Following another week of surging Covid-19 infections — including early data suggesting a rise in breakthrough cases among those who are fully vaccinated — the Biden administration announced their recommendation of a booster vaccine shot in a statement from the U.S. Department of Health and Human Services (HHS) on August 18th. This announcement comes less than a week after the Centers for Disease Control and Prevention (CDC) recommendation that people who are moderately to severely immunocompromised receive an additional dose of an mRNA vaccine (Pfizer-BioNTech or Moderna) took effect.

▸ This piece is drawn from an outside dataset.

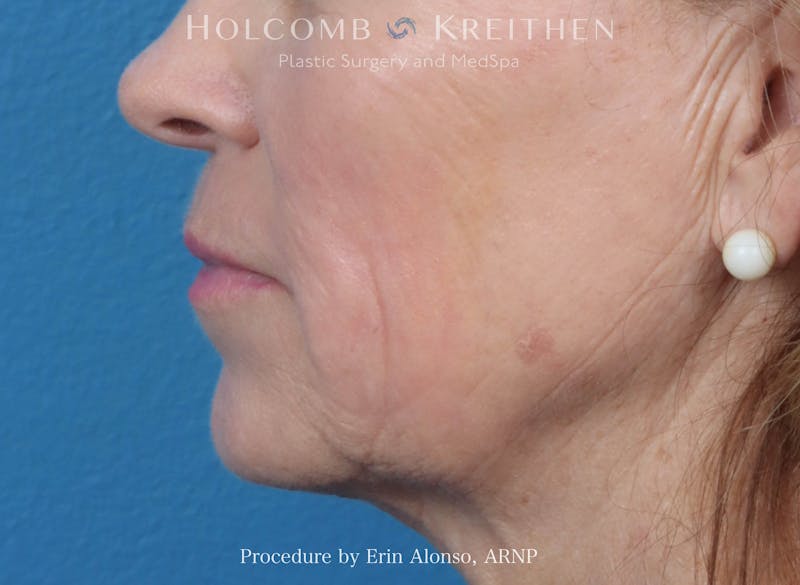 Morpheus  Before & After Gallery - Patient 619845 - Image 6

Citing mounting concerns over the highly infectious Delta variant, as well as new data indicating a decrease in protection from the vaccine over time, the White House is advising a booster shot eight months after a person’s second dose of the Pfizer-BioNTech or Moderna vaccines, starting September 20th. (A recommendation for booster shots for those who received the Johnson & Johnson vaccine will likely follow, once the clinical-trial findings are available.)
But while the White House booster policy itself isn’t unexpected, the specific timing of the announcement is, given that neither the CDC nor Food and Drug Administration (FDA) has yet issued guidance or authorization for the use of any Covid vaccine booster candidates in the general population. At a briefing on Wednesday afternoon, the White House Covid-19 Task Force addressed this, as well as other aspects of the Biden administration’s decision. Here’s what we now know about Covid vaccine boosters, as well as some of the questions that still remain.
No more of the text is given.